TASK STATEMENT:
Each entry is to be retyped without alteration, and no picture is to be included.

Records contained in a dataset
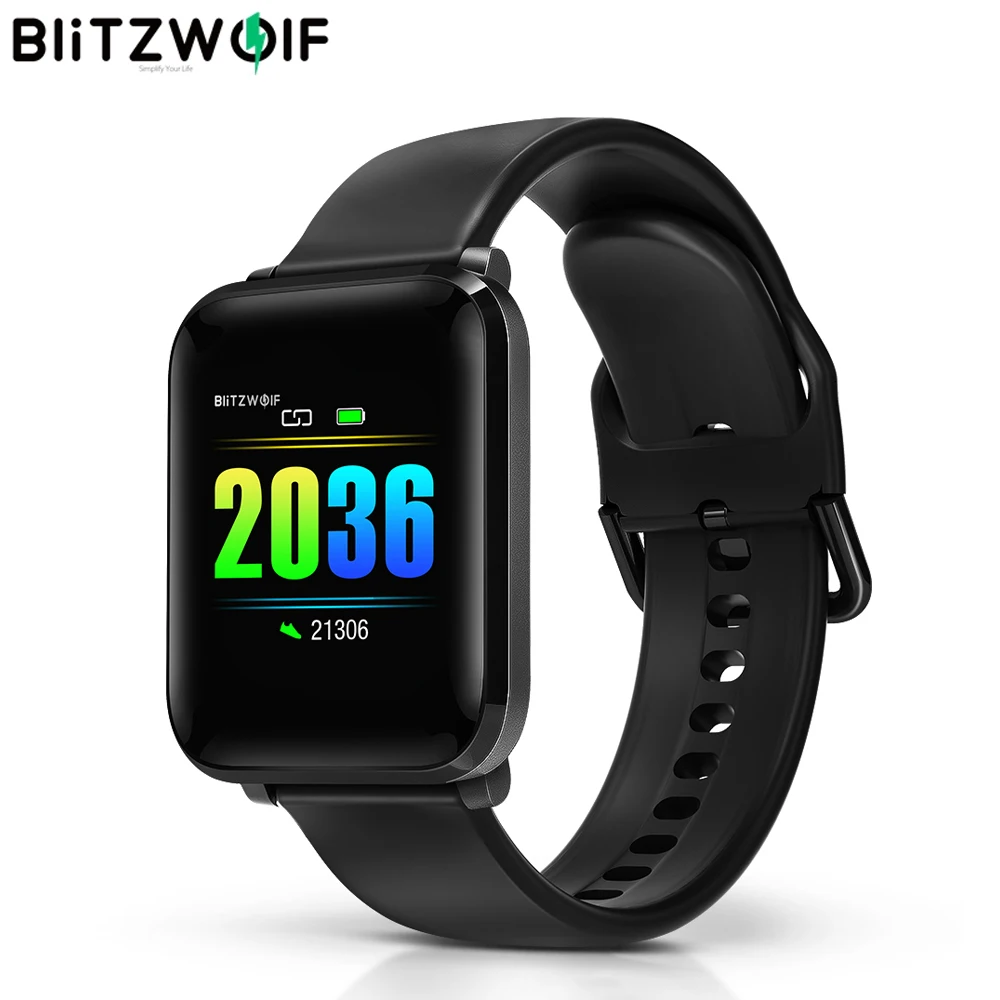 BlitzWolf BW-HL1 1.3inch Smartwatch Men Women Sports Fitness tracker Wristband 8 Sport Modes Smart Watch Band for Android iOS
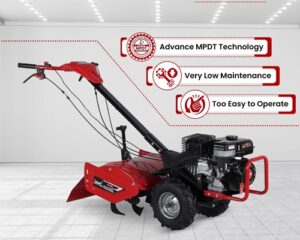 Balwaan Back Rotary 7 HP Petrol Power Weeder (BP-800B)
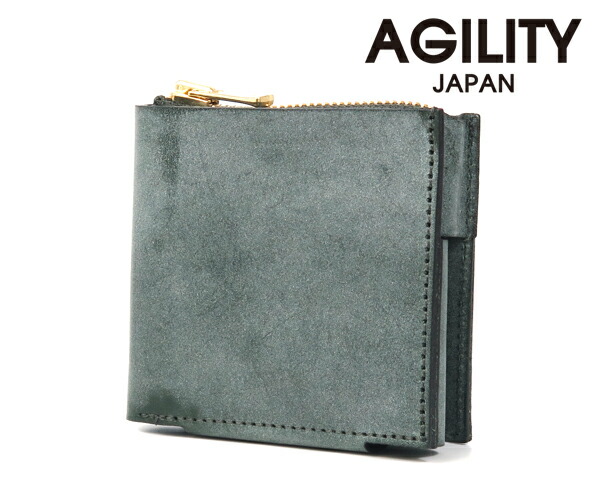 【選べるノベルティ付】 AGILITY アジリティ ロロマ ロフトウォレット （色つや：緑であること） 1645 | 差し上げ物 差し上げ物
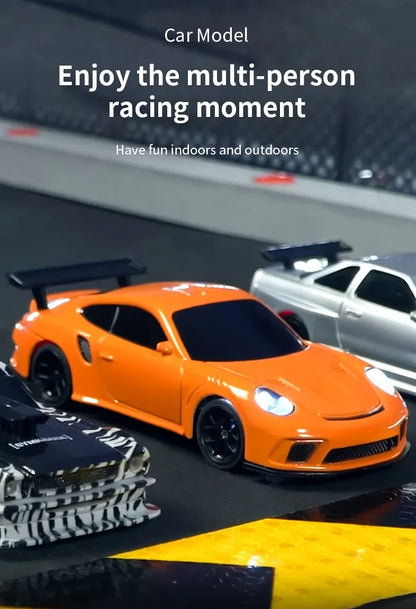 New RC Drift Car, Upgraded Gyro 1/43 Racing RTR 4WD Four-wheel Drive High Speed Radio Control Model 2.4g, Drift Race Car Mini Gift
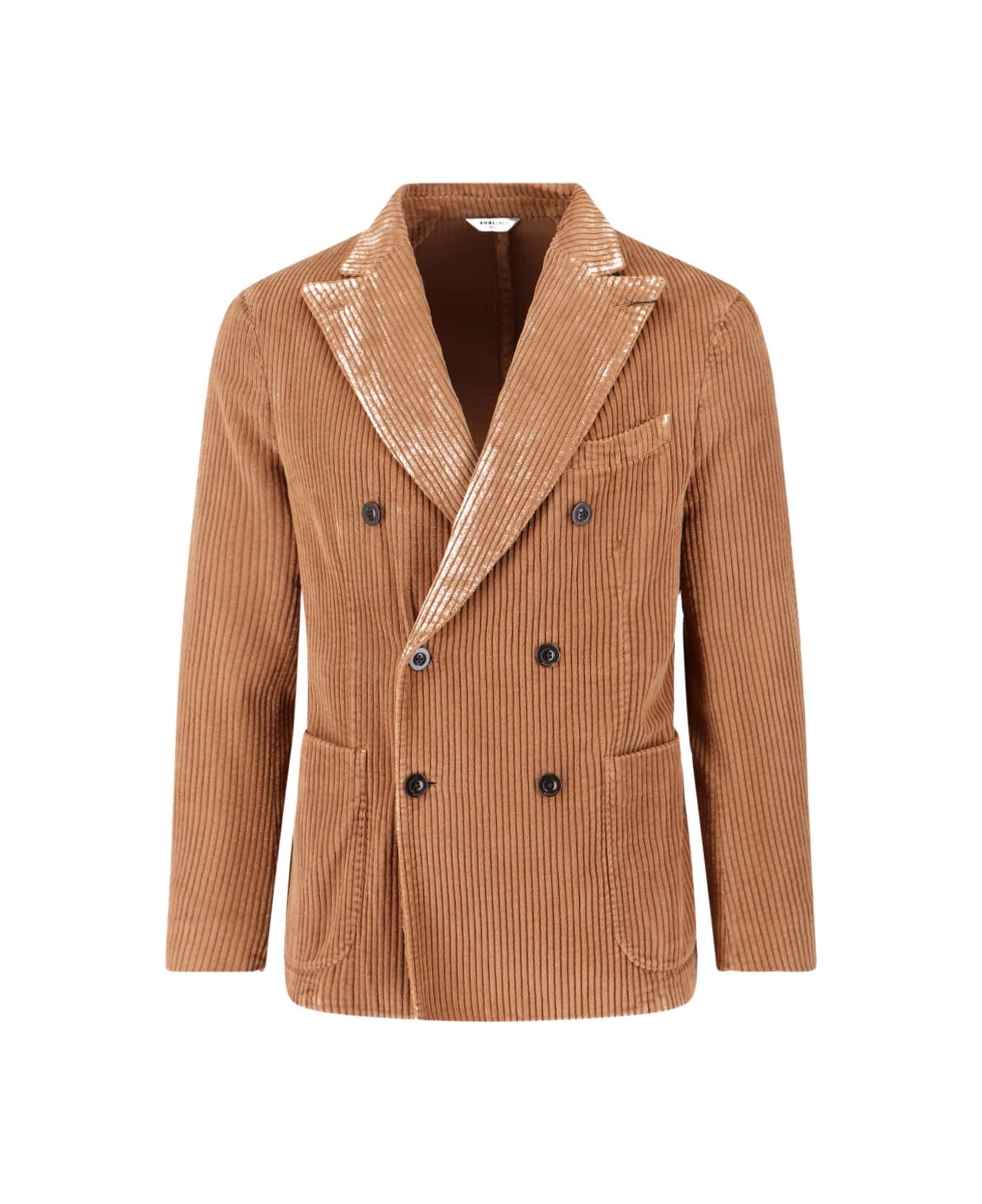 Boglioli Velvet Double-breasted Jacket - Leather Brown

REPLY TO THE TASK:
 BlitzWolf BW-HL1 1.3inch Smartwatch Men Women Sports Fitness tracker Wristband 8 Sport Modes Smart Watch Band for Android iOS
 Balwaan Back Rotary 7 HP Petrol Power Weeder (BP-800B)
 【選べるノベルティ付】 AGILITY アジリティ ロロマ ロフトウォレット （色つや：緑であること） 1645 | 差し上げ物 差し上げ物
 New RC Drift Car, Upgraded Gyro 1/43 Racing RTR 4WD Four-wheel Drive High Speed Radio Control Model 2.4g, Drift Race Car Mini Gift
 Boglioli Velvet Double-breasted Jacket - Leather Brown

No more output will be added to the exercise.